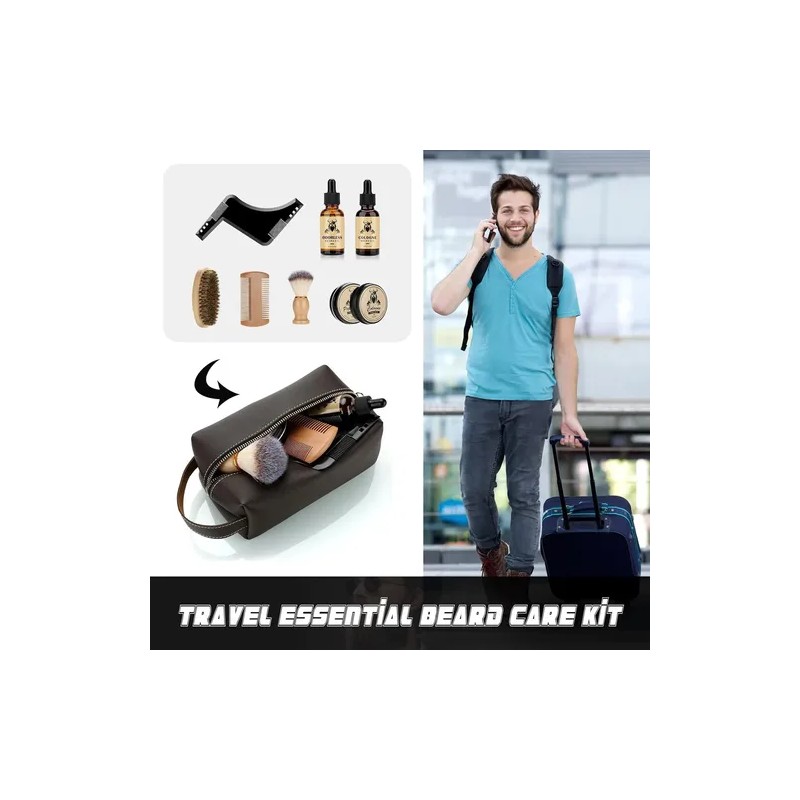 Kit De Cuidado De Barba Para Hombres, Set Definitivo De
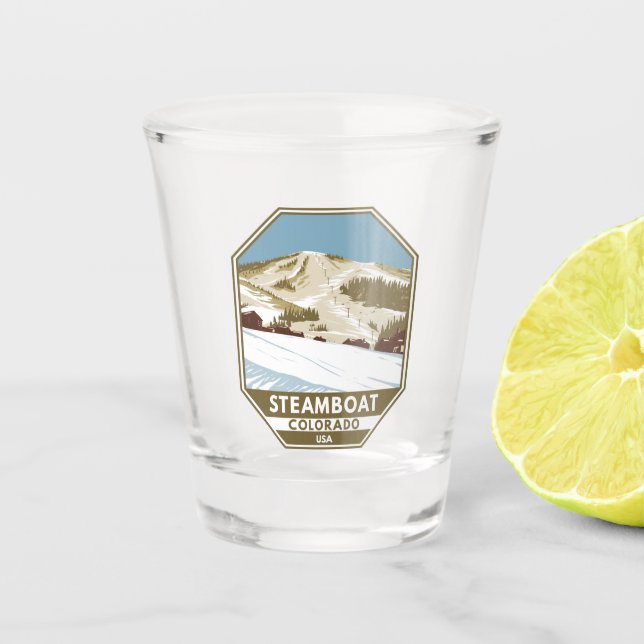Steamboat Ski Area Winter Colorado Shot Glass (Front)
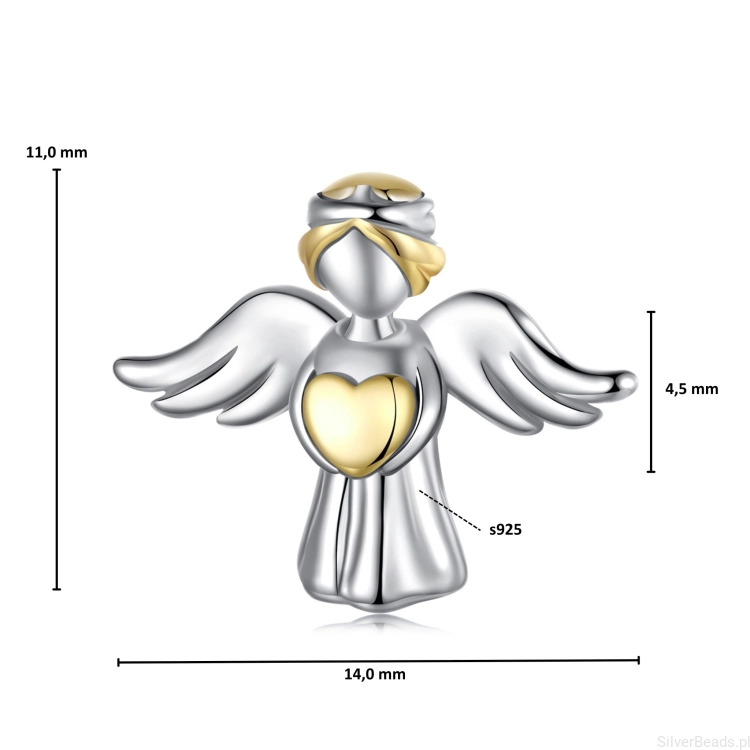 Wymiary koralika charms ze srebra próby 925 beads  aniołek z pozłacanym serduszkiem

● ● ●

WHAT THIS TASK INVOLVES: Output the whole listing exactly. Pictures stay out.

COMPLETED EXERCISE:
 Kit De Cuidado De Barba Para Hombres, Set Definitivo De
Steamboat Ski Area Winter Colorado Shot Glass (Front)
 Wymiary koralika charms ze srebra próby 925 beads  aniołek z pozłacanym serduszkiem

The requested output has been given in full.